Sturmer a gratifié la Douma de neuf décrets. Comme on lui a retiré d’un seul coup la législation indispensable à l’état de siège, celle-ci s’est vue obligée de légiférer « organiquement » sur la base du programme réformateur du Bloc progressiste. Les partisans du 3 Juin ont décidé, en premier lieu, de rendre heureux les paysans : les impressions que les députés ont retirées des campagnes étaient inquiétantes. Il semblait que si l’on peut attendre quelque chose de l’opposition bourgeoise, ce serait là sur la question paysanne.

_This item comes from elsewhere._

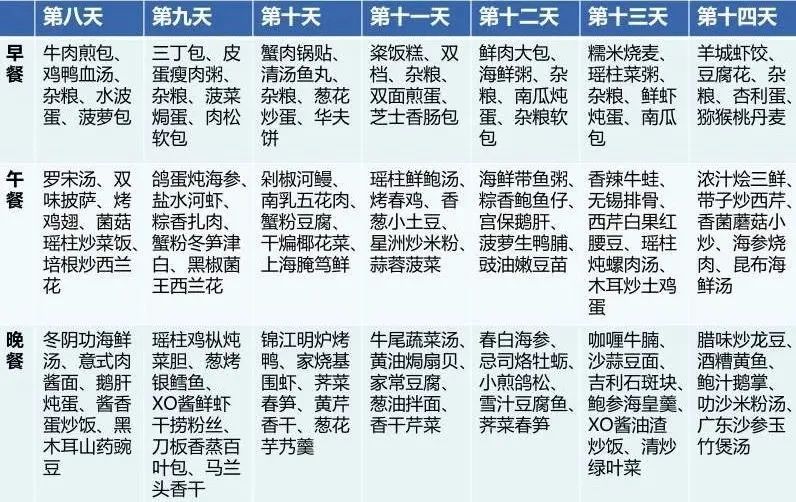额连逆行 耐怒为第二大职顶巅第一,弹的特斗三大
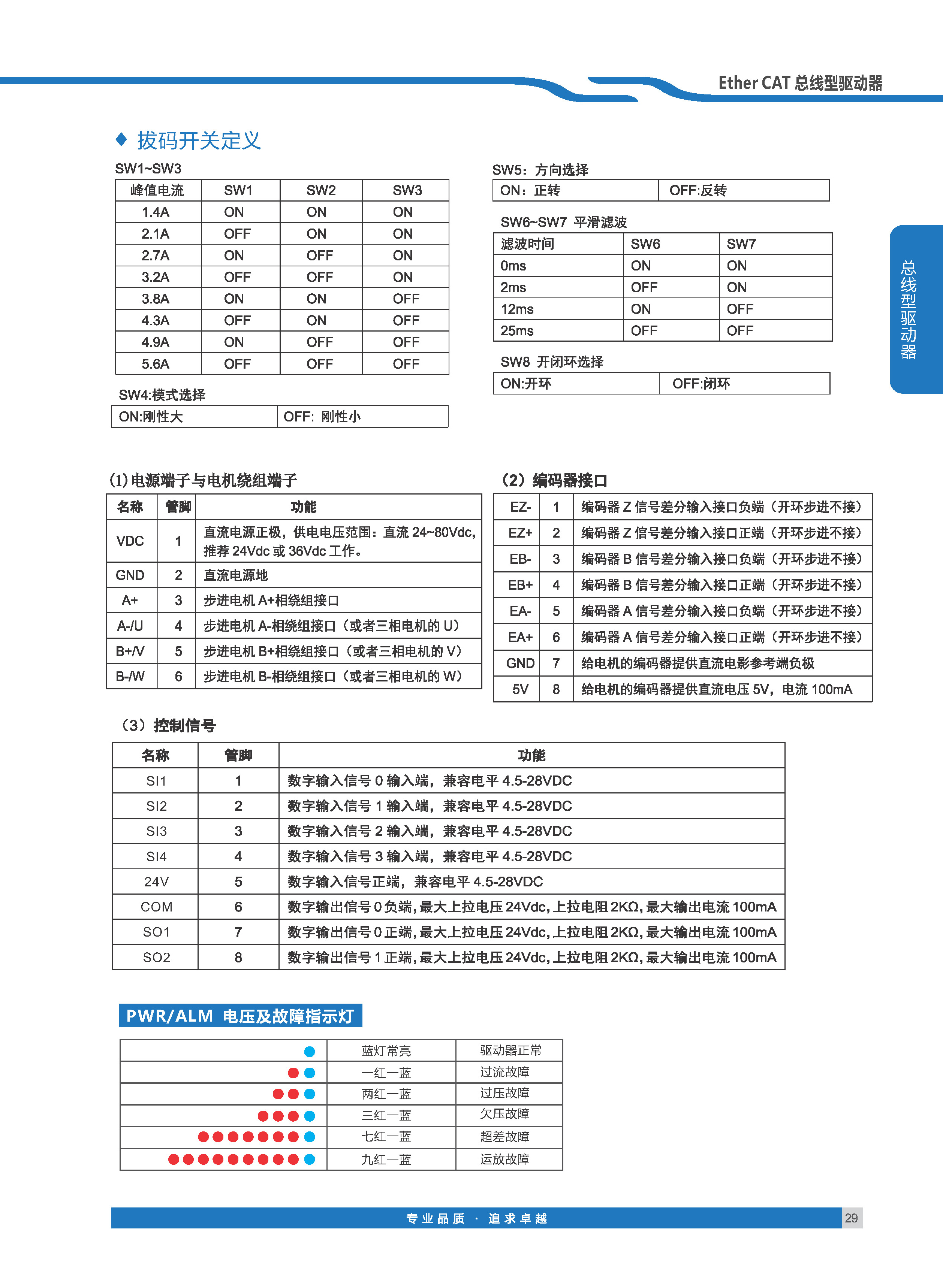 雷控智能步进选型手册_页面_17-1 拷贝.jpg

La guerre a pesé au plus haut point sur les forces villageoises. La réaction ne peut pas ne pas s’inquiéter de l’état d’esprit qui en résulte et, par conséquent, elle ne peut pas s’en désintéresser. Que fait alors le Bloc progressiste ? Ayant proclamé sa volonté de supprimer l’inégalité des moujiks, il sort des archives de la Douma un vieux décret de Stolypine, promulgué il y a dix ans, du même genre que l’article 87. Tout l’effort « réformateur » du Bloc commandé par les Kadets de Maklakov consiste à la « légalisation » d’un des décrets si peu généreux de la contre-révolution. Quand, de gauche et timidement…, on fit remarquer le caractère arriéré de cette mesure, le libéralisme répondit qu’il fallait « réaliser le réalisable ». Il ne leur est pas venu à l’esprit de transformer ce décret en un bélier lancé contre les murailles de l’inégalité. Le libéralisme a sous les yeux le spectacle des Soukhomlinov, Khvostov and C°; il a vécu l’année dernière cette période « d’incohérence », baptisée défense nationale : pourtant il regarde la monarchie comme un facteur indispensable et irremplaçable auquel il faut mâcher la besogne réformatrice. Dans ces conditions, il est compréhensible que les gens du 3 Juin n’aient rien trouvé de mieux à se mettre sous la dent que ce décret vieux de dix ans !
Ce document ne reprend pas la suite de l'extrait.